FASHIONABLE.
A fashionable woman
In a fashionable pew;
A fashionable bonnet
Of a fashionable hue;
A fashionable mantle
And a fashionable gown;
A fashionable Christian
In a fashionable town;
A fashionable prayer-book.
And a fashionable choir;
A fashionable chapel
With a fashionable spire;
A fashionable preacher
With a fashionable speech;
A fashionable sermon
With a fashionable reach;
A fashionable welcome
At the fashionable door;
A fashionable penny
For the fashionable poor;
A fashionable heaven
And a fashionable hell;
A fashionable Bible
For this fashionable belle;
A fashionable kneeling
And a fashionable nod;
A fashionable everything,
But no fashionable God.
RESURGAM.
BY EBEN E. REXFORD.
"There is no God," he said, and turned away
From those who sought to lead him to the light;
"Here is a violet, growing for a day,
When winter comes, and all the world is white,
It will be dead.
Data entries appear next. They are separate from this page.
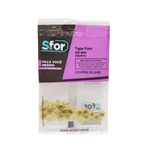 Tapa-Furo-Plastico-8mm-Marfim-20-Pecas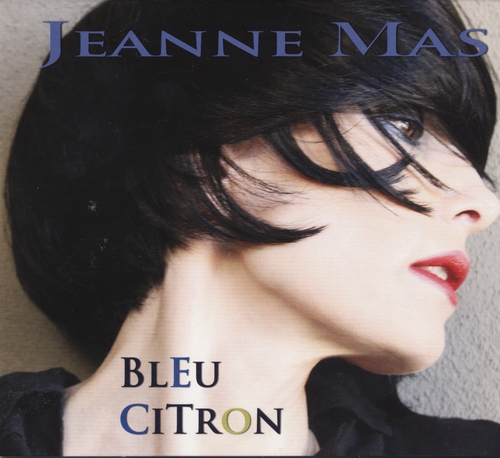 Couverture BLEU CITRON de Jeanne MAS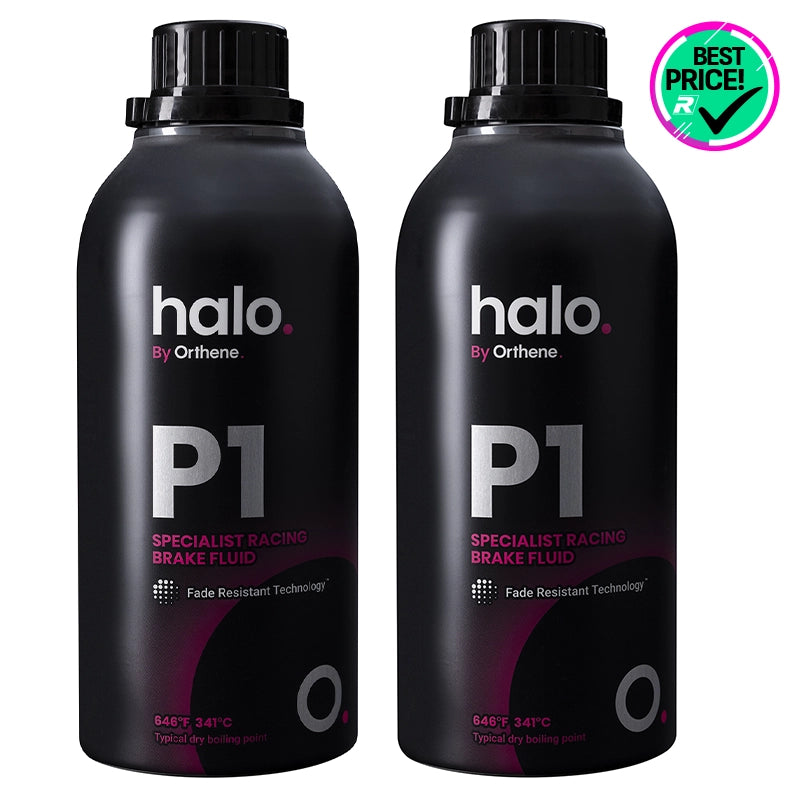 Pack 2 pz. - Halo - Halo. P1 brake fluid (2 x 600 ml)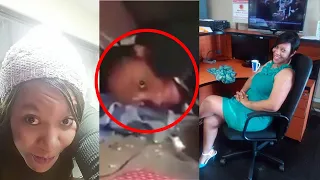 Wife Caught Cheating Hides Under Bed (YOLANDA)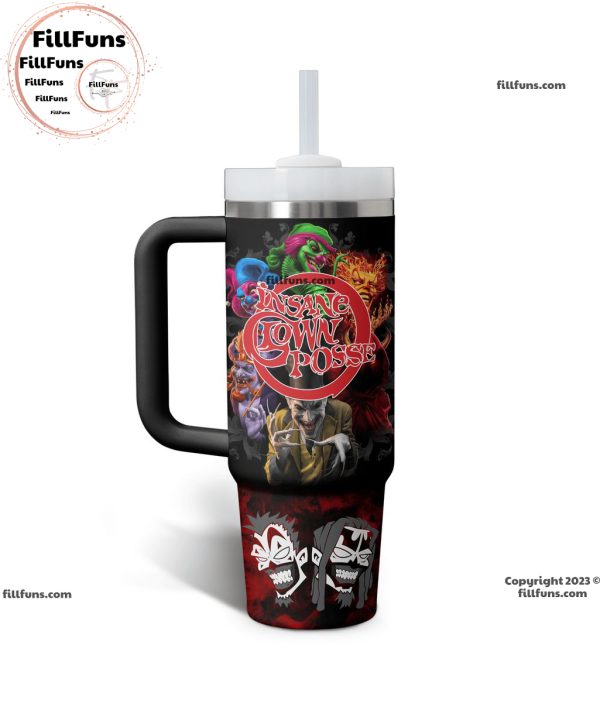 Insane Clown Posse Boogie Woogie Wu Spooky Clown Stanley Tumbler 40oz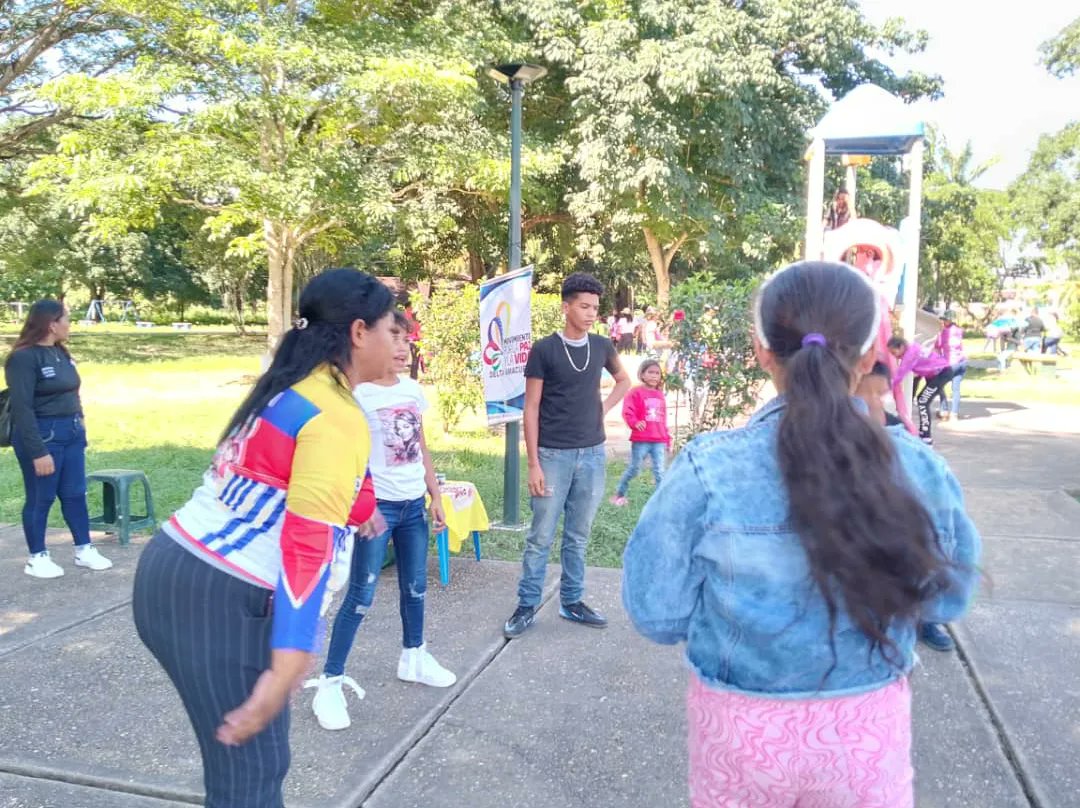 fundacion_mpv's tweet image. PLAN VACACIONAL  COMUNITARIO DE LA PATRIA  MOSTACHO FEST 2024

En el municipio Tucupita en Delta Amacuro el Movimiento por la Paz y la Vida está garantizando junto al equipo de la mesa del Buen Vivir las actividades recreativas y deportivas. 

#HastaProntoX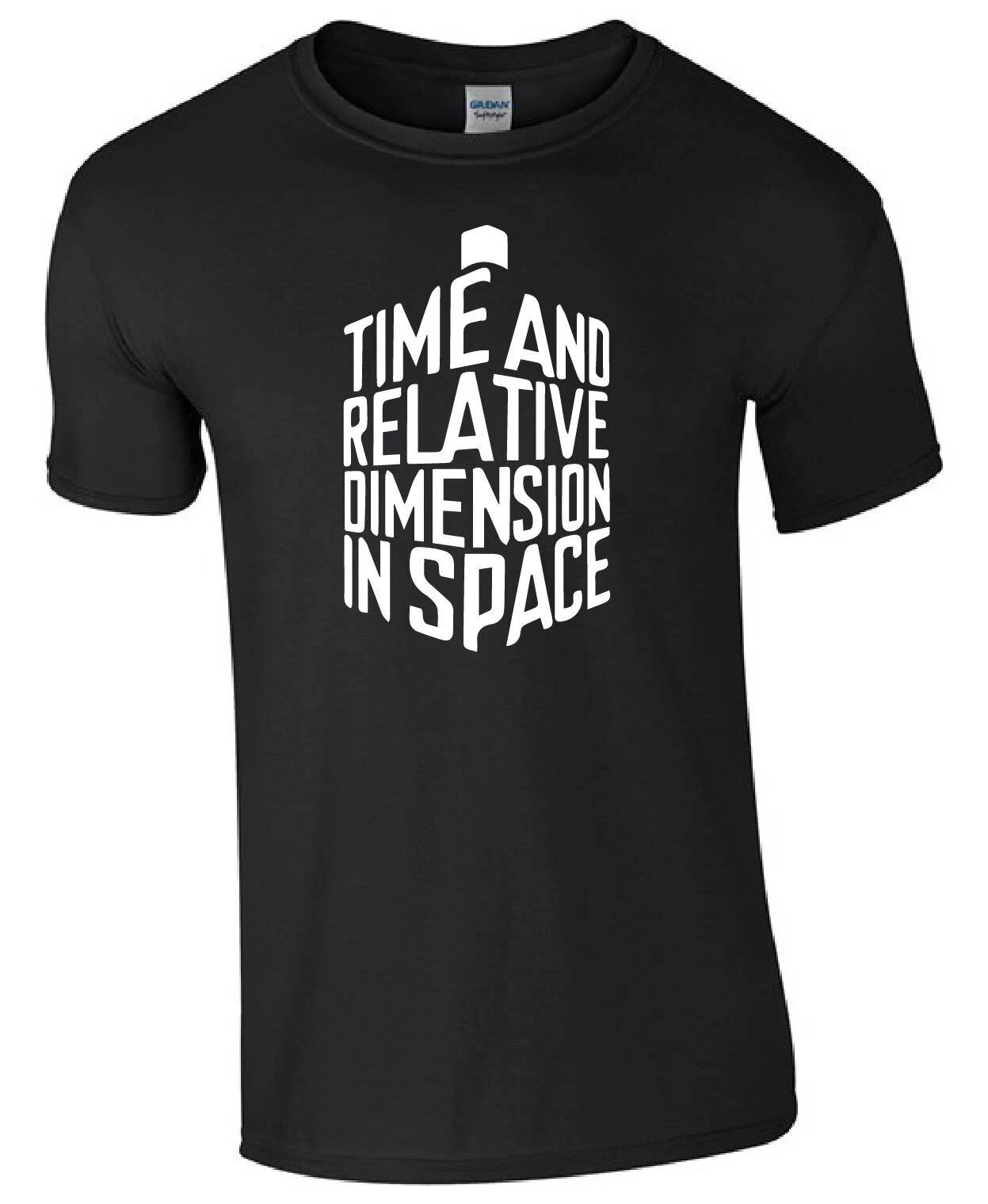 Relative Dimension Doctor Who Inspired TARDIS kids Top T-shirt 150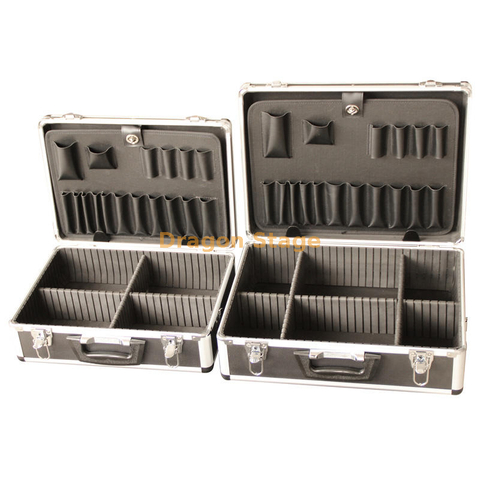 Design Black Transport Aluminum Party Instrument Tool Case Box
And I am like the flower,
To-day, here am I, and to-morrow, dust.
Is life worth living for its little hour
Of empty pleasure, if decay we must?"
The autumn came, and under fallen leaves
The little violet was hid away.
"Dead! dead!" cried he. "Alas, all nature grieves
For what she loves is destined to decay.
Soon like the violet, in soft, damp earth
I shall be hidden, and above my head
A stone will tell the record of my birth
And of my nothingness when I am dead."
Spring came, and from the mold the little flower
He had thought dead, sprung up to sweetest bloom.
He saw it, and his heart was touched that hour,
And grasped the earth-old mystery of the tomb.
"God of the flower," he said, with reverent voice,
"The violet lives again, and why not I?
At last my blind eyes see, and I rejoice.
The soul within me was not born to die!"